Walking into the PICA Performance Space, a black box theatre in the Perth Cultural Centre, audiences are immediately met with in-character actors lounging about the stage, warming up or just wandering about. What followed was a sort of hybrid between theatre and film- a faux foreign language film performed on stage. The performers took turns filming each other, with the resulting “film” broadcasted onto a projector centre stage, so that audiences could watch both the film and how each shot was made. The production utilises inventive camera angles, rotating sets, miniatures and lighting design, amongst other techniques. Some of the shots were mind boggling, some were hilarious in the disconnect between what was shown and how it was made.
“Lé Nør” translates to “the rain” in the Sólset language- a fictional island nation plagued by environmental catastrophe.
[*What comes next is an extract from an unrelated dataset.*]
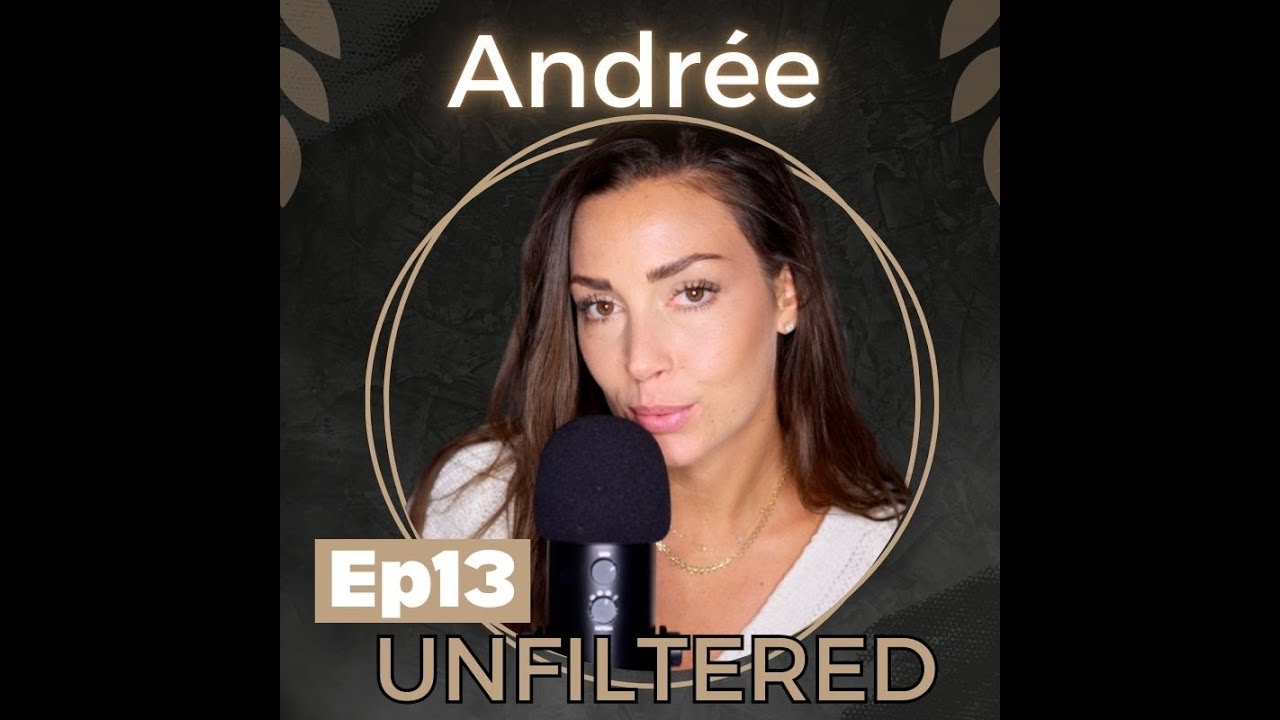Ep13 - Learn from the past, Live for the Present, Plan for the Future. - Andree Unfiltered Podcast 🎶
The fictional language the production is performed in (with English surtitles) is an amalgamation of various languages, including French, Russian and Icelandic. The island was once a thriving population but is now home to only a small population that have been waiting for years for rain to arrive, surviving only on water rations in the meantime. At the centre of the production are the residents of an apartment block, as they relate to each other and themselves.
What makes Lé Nør particularly special isn’t just the slick 80s aesthetic or the interesting concept. The fantastic script and performances elevate the film from a clever gimmick to something nothing short of spectacular. You know you are onto a real winner when the production would still hold up if it was simply either a film or theatre experience. The story is moving and gripping, the characters are likeable and realised beautifully, and the stylistic choices are all appropriately adapted to bring everything to life. A huge array of individuals went into realising this production such that acknowledging every single individual would be very difficult but suffice to say everyone involved nailed it. To make things better, The Last Great Hunt are Perth-based!
Finding the words to describe Lé Nør is a very difficult task, it just needs to be seen to comprehend. I was left in awe, and I keep finding things to dwell on the more I think about it. This is cannot be missed to all lovers of film or theatre, or just anyone looking to have their mind blown.